La segunda parte es la que tiene que ver con, bueno y ¿cómo articulamos eso de que Cristo es mi Salvador y que Cristo es mi juez? Y yo debo reconocer, amigos queridos, yo debo reconocer que durante un tiempo me parecía como muy difícil juntar estas dos ideas, porque yo decía bueno, el Salvador es aquel que manifiesta su compasión, su misericordia, es el que dice: se me conmueven mis entrañas. En cambio, la idea que uno tiene de un juez es más bien la de una persona absolutamente imparcial, una persona que no se deja mover por las emociones, una persona que permanece completamente neutral, racional y que, por consiguiente, simplemente mira y pesa la evidencia en un sentido o en otro. Entonces la imagen del juez imparcial, que fácilmente uno lo puede mirar como un juez implacable, pues como que reñía en mi mente con la imagen del Cristo compasivo, el Cristo Buen Pastor, el Cristo buen amigo.
Pero luego uno va aprendiendo, uno aprende de los predicadores, uno aprende de otros sacerdotes, uno aprende de los libros, uno aprende de los santos. Y entonces, al fin como que se me aclaró y es lo que quiero compartir con ustedes. ¿Sabes por qué tu Salvador es también tu juez? Porque ese Cristo que tú te vas a encontrar a la hora de la muerte, ese Cristo que va a juzgar de tu vida, en realidad no tiene que decir muchas palabras, basta con que Él muestre todo lo que ha hecho por ti. Ese es todo su argumento, esa es toda su argumentación, todo lo que Él ha hecho por ti, es decir, la sangre que derramó, el dolor que padeció, los caminos que recorrió, eso es lo que Cristo muestra. Y eso fue todo lo que yo hice por ti, y la única pregunta del juicio es: ¿Lo aceptaste, lo aprovechaste, lo agradeciste, lo pusiste a trabajar? Te das cuenta cómo el Salvador es el mismo juez, mostrando su salvación, mostrando su misericordia misma, ahí tienes el juicio. ¿Qué hiciste con todo lo que yo te di?, ¿qué hiciste con todo el tiempo, la paciencia, el amor, la misericordia misma que tuve contigo?, ¿la aprovechaste o la desperdiciaste?

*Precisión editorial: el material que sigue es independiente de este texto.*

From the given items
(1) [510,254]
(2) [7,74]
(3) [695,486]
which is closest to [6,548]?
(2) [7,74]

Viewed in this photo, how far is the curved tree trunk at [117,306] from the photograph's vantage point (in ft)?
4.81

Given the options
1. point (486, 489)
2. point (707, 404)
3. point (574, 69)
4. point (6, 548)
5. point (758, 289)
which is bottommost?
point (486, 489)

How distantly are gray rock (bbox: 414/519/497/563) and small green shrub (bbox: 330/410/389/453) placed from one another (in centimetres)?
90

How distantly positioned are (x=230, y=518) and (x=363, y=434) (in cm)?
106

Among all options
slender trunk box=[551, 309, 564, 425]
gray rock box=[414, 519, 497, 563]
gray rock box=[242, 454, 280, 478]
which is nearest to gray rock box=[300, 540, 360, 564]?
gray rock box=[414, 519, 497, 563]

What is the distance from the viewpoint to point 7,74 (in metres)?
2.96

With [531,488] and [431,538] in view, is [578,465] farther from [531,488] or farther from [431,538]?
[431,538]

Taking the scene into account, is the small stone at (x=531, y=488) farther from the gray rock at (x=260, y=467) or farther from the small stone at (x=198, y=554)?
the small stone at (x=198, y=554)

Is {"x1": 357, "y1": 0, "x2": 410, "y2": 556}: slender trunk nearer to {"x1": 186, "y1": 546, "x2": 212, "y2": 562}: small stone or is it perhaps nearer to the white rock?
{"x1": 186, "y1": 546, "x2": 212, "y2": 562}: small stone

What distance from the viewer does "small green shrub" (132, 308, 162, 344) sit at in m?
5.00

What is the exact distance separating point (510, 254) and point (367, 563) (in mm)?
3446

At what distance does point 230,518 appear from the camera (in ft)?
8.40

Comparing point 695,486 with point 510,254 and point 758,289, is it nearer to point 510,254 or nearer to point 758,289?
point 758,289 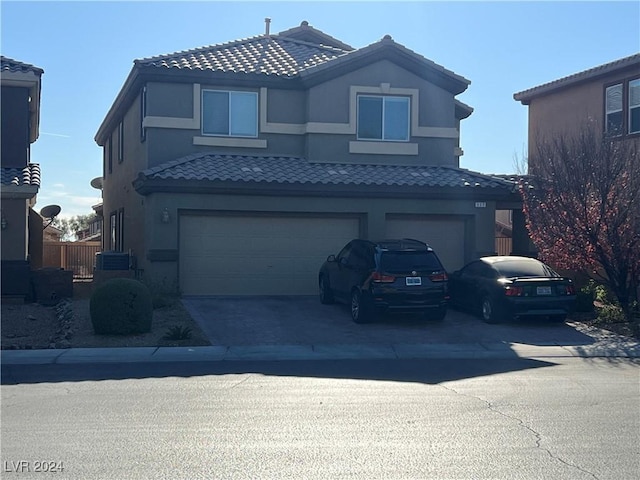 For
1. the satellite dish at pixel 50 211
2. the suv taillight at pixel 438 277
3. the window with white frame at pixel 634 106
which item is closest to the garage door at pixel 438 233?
the suv taillight at pixel 438 277

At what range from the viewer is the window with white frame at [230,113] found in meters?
22.3

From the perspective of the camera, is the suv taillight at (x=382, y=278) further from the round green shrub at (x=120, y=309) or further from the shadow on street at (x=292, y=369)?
the round green shrub at (x=120, y=309)

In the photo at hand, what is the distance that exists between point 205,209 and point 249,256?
5.68ft

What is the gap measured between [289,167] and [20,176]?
280 inches

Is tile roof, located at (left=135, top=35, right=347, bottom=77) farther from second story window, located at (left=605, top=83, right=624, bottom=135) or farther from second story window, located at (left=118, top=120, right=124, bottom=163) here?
second story window, located at (left=605, top=83, right=624, bottom=135)

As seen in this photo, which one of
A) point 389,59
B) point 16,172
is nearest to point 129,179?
point 16,172

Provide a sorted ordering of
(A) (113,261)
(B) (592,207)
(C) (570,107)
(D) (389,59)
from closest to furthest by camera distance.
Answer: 1. (B) (592,207)
2. (A) (113,261)
3. (D) (389,59)
4. (C) (570,107)

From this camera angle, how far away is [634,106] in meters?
24.0

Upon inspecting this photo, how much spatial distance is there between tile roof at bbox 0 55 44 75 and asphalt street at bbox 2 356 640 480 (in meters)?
11.5

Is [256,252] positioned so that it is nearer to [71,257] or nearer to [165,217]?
[165,217]

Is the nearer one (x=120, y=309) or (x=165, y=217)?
(x=120, y=309)

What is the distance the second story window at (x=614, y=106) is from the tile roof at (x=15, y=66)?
17.3 meters

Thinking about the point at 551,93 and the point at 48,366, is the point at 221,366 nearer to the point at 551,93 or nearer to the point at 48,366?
the point at 48,366

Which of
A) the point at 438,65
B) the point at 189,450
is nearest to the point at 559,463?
the point at 189,450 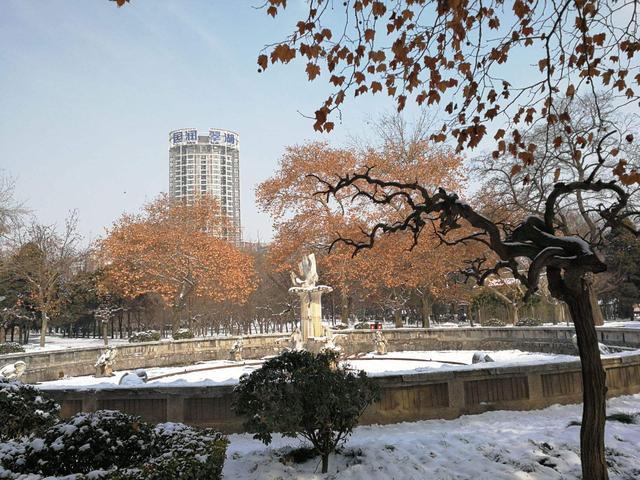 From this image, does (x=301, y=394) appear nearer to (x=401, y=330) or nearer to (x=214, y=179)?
(x=401, y=330)

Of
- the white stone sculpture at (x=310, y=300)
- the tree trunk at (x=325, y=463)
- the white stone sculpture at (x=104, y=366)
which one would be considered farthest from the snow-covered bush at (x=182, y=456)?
the white stone sculpture at (x=310, y=300)

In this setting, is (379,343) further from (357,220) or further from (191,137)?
(191,137)

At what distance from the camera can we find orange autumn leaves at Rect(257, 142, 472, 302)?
31.7 meters

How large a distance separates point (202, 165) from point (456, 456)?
151 meters

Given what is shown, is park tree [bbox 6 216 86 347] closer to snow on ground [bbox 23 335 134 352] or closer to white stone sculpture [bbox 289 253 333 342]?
snow on ground [bbox 23 335 134 352]

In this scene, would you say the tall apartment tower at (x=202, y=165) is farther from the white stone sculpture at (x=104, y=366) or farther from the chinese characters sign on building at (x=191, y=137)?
the white stone sculpture at (x=104, y=366)

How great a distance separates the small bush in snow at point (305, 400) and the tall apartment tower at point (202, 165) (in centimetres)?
14331

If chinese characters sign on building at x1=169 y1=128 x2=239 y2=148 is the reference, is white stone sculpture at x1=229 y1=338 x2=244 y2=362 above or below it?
below

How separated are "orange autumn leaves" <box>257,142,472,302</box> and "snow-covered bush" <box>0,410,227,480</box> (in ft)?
87.2

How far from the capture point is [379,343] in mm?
24844

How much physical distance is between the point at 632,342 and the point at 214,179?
14200 centimetres

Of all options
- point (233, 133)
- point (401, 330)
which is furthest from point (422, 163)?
point (233, 133)

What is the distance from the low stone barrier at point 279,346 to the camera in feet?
60.7

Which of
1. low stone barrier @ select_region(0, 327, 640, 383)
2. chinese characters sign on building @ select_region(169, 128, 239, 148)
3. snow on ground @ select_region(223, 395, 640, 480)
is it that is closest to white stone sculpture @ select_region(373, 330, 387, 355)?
low stone barrier @ select_region(0, 327, 640, 383) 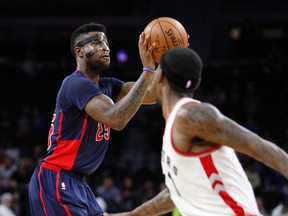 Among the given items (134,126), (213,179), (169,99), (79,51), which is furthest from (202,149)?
(134,126)

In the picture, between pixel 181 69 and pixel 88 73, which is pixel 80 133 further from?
pixel 181 69

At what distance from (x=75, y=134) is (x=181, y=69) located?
173cm

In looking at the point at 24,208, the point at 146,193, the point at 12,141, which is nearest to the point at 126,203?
the point at 146,193

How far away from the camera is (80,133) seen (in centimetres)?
525

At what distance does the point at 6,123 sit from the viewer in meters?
16.6

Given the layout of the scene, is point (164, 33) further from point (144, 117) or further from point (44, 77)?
point (44, 77)

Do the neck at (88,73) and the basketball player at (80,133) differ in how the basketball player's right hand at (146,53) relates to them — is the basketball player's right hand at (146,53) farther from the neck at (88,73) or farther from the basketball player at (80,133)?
the neck at (88,73)

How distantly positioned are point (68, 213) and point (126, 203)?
7.56 metres

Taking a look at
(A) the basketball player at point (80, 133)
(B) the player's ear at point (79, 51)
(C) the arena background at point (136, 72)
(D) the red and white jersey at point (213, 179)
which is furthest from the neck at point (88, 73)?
(C) the arena background at point (136, 72)

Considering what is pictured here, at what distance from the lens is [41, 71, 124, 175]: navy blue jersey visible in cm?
523

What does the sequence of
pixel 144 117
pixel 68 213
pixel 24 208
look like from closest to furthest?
pixel 68 213
pixel 24 208
pixel 144 117

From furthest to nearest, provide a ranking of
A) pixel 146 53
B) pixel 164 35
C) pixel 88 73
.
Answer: pixel 88 73, pixel 164 35, pixel 146 53

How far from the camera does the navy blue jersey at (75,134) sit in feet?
17.1

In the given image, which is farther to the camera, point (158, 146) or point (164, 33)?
point (158, 146) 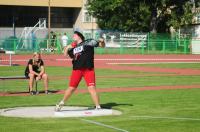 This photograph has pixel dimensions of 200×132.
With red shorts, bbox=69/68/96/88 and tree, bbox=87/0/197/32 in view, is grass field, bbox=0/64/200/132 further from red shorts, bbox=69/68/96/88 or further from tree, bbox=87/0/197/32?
tree, bbox=87/0/197/32

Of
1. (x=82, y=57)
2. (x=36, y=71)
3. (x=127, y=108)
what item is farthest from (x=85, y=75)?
(x=36, y=71)

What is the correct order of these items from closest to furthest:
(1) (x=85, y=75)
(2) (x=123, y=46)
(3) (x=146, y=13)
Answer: (1) (x=85, y=75) < (2) (x=123, y=46) < (3) (x=146, y=13)

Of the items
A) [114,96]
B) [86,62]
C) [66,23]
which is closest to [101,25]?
[66,23]

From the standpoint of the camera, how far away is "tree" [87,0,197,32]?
6156 centimetres

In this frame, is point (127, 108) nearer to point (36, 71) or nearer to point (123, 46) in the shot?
point (36, 71)

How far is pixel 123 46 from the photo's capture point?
57.1 metres

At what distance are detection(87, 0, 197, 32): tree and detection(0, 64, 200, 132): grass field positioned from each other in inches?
1494

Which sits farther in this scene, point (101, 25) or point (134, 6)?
point (101, 25)

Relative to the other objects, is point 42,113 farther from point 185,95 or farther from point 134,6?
point 134,6

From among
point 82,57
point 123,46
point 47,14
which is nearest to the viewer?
point 82,57

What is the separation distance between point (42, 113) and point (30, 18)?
62.4m

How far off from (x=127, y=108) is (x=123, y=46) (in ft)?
139

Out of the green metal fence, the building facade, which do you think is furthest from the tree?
the building facade

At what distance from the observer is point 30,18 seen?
75.2 m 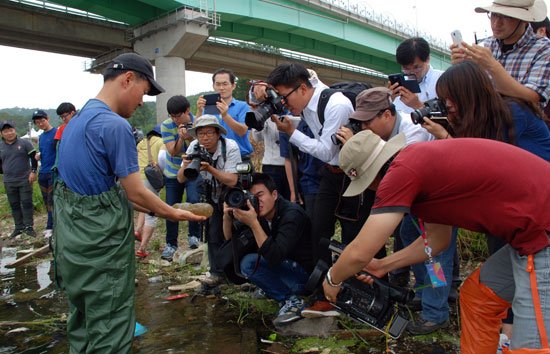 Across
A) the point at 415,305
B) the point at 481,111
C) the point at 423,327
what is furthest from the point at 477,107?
the point at 415,305

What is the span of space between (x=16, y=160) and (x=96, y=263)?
6456 mm

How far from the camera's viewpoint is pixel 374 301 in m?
2.18

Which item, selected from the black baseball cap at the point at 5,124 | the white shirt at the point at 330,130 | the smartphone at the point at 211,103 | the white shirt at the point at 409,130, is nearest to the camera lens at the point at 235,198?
the white shirt at the point at 330,130

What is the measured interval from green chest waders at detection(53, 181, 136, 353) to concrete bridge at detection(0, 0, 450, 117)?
13.9 m

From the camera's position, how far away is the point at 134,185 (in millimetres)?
2236

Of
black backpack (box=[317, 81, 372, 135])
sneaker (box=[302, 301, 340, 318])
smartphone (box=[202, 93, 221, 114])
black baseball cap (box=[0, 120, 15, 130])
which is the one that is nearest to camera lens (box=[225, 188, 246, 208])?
black backpack (box=[317, 81, 372, 135])

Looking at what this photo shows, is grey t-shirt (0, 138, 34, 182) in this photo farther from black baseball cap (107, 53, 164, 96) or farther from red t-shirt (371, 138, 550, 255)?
red t-shirt (371, 138, 550, 255)

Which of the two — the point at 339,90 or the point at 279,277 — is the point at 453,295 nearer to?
the point at 279,277

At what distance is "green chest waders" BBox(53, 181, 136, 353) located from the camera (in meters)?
2.13

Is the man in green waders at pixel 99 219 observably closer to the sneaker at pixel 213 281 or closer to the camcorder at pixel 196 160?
the camcorder at pixel 196 160

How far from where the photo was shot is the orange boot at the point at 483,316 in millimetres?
1836

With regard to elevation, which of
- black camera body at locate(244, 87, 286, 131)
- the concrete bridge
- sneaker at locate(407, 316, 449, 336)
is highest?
the concrete bridge

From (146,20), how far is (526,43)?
16.5 metres

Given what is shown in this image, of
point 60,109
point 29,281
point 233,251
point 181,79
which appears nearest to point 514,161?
point 233,251
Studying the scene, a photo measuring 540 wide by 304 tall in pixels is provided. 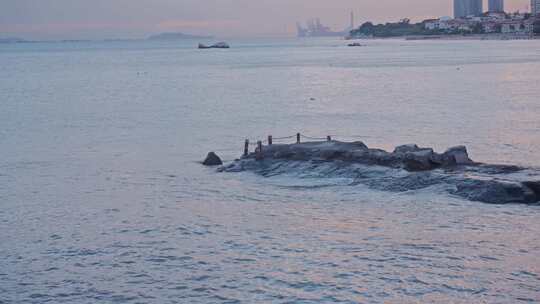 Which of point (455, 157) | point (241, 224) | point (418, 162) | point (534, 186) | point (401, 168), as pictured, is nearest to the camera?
point (241, 224)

Así de sencillo, y por eso Cristo, nuestro Salvador, es también nuestro juez. Y por eso también nosotros tenemos que tomar conciencia, especialmente en el tiempo de Cuaresma, tenemos que tomar conciencia de todo, todo lo que hemos recibido para no dejarnos engañar pensando que el tiempo es infinito. Hay que aprovechar la hora presente y hay que vivir en honestidad y vivir en pureza y vivir en oración. Como dice uno de los prefacios de Adviento, para que cuando Él venga, nos encuentre velando en oración y cantando su alabanza. Así sea.